TASK TO CARRY OUT:
Every line of the records below from the line with "Mamadera 240ml Con" up to and including the line with "Happy Hare '" must be reproduced exactly, and no line outside that range.

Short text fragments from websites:
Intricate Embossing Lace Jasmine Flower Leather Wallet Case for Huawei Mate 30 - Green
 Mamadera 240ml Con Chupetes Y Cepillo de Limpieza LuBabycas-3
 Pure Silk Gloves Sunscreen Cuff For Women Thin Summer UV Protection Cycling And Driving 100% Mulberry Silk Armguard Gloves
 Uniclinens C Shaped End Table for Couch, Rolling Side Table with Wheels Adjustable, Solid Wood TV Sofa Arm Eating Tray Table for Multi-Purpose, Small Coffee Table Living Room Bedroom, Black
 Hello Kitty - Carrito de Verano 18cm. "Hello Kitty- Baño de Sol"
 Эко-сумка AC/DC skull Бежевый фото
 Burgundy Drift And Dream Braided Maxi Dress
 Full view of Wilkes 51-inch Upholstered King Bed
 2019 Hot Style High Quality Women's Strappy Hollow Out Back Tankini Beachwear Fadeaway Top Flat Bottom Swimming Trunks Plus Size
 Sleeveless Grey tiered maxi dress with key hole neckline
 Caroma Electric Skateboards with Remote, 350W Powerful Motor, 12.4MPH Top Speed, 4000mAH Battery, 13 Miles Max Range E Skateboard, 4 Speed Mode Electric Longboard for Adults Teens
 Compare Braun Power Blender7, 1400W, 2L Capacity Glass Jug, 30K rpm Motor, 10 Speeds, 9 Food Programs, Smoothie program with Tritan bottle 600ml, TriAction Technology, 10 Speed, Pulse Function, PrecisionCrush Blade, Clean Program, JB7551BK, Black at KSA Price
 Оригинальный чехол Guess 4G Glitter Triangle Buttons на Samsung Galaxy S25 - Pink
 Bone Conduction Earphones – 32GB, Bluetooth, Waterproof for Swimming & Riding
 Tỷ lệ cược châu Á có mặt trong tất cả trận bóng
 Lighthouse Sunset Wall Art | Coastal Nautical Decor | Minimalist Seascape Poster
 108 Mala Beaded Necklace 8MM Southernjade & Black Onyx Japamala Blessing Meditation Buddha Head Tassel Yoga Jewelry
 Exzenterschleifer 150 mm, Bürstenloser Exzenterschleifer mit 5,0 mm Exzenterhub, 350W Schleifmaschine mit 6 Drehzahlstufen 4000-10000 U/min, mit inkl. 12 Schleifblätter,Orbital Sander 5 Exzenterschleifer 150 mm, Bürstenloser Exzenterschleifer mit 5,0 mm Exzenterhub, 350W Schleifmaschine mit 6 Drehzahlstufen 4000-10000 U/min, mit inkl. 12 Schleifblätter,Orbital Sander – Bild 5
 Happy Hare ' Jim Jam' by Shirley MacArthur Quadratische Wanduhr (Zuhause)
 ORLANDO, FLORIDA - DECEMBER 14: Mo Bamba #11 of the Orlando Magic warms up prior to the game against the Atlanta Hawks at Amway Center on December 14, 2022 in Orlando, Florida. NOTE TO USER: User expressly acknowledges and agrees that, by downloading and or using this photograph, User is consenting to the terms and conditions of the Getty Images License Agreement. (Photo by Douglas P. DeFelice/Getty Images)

YOUR RESPONSE:
 Mamadera 240ml Con Chupetes Y Cepillo de Limpieza LuBabycas-3
 Pure Silk Gloves Sunscreen Cuff For Women Thin Summer UV Protection Cycling And Driving 100% Mulberry Silk Armguard Gloves
 Uniclinens C Shaped End Table for Couch, Rolling Side Table with Wheels Adjustable, Solid Wood TV Sofa Arm Eating Tray Table for Multi-Purpose, Small Coffee Table Living Room Bedroom, Black
 Hello Kitty - Carrito de Verano 18cm. "Hello Kitty- Baño de Sol"
 Эко-сумка AC/DC skull Бежевый фото
 Burgundy Drift And Dream Braided Maxi Dress
 Full view of Wilkes 51-inch Upholstered King Bed
 2019 Hot Style High Quality Women's Strappy Hollow Out Back Tankini Beachwear Fadeaway Top Flat Bottom Swimming Trunks Plus Size
 Sleeveless Grey tiered maxi dress with key hole neckline
 Caroma Electric Skateboards with Remote, 350W Powerful Motor, 12.4MPH Top Speed, 4000mAH Battery, 13 Miles Max Range E Skateboard, 4 Speed Mode Electric Longboard for Adults Teens
 Compare Braun Power Blender7, 1400W, 2L Capacity Glass Jug, 30K rpm Motor, 10 Speeds, 9 Food Programs, Smoothie program with Tritan bottle 600ml, TriAction Technology, 10 Speed, Pulse Function, PrecisionCrush Blade, Clean Program, JB7551BK, Black at KSA Price
 Оригинальный чехол Guess 4G Glitter Triangle Buttons на Samsung Galaxy S25 - Pink
 Bone Conduction Earphones – 32GB, Bluetooth, Waterproof for Swimming & Riding
 Tỷ lệ cược châu Á có mặt trong tất cả trận bóng
 Lighthouse Sunset Wall Art | Coastal Nautical Decor | Minimalist Seascape Poster
 108 Mala Beaded Necklace 8MM Southernjade & Black Onyx Japamala Blessing Meditation Buddha Head Tassel Yoga Jewelry
 Exzenterschleifer 150 mm, Bürstenloser Exzenterschleifer mit 5,0 mm Exzenterhub, 350W Schleifmaschine mit 6 Drehzahlstufen 4000-10000 U/min, mit inkl. 12 Schleifblätter,Orbital Sander 5 Exzenterschleifer 150 mm, Bürstenloser Exzenterschleifer mit 5,0 mm Exzenterhub, 350W Schleifmaschine mit 6 Drehzahlstufen 4000-10000 U/min, mit inkl. 12 Schleifblätter,Orbital Sander – Bild 5
 Happy Hare ' Jim Jam' by Shirley MacArthur Quadratische Wanduhr (Zuhause)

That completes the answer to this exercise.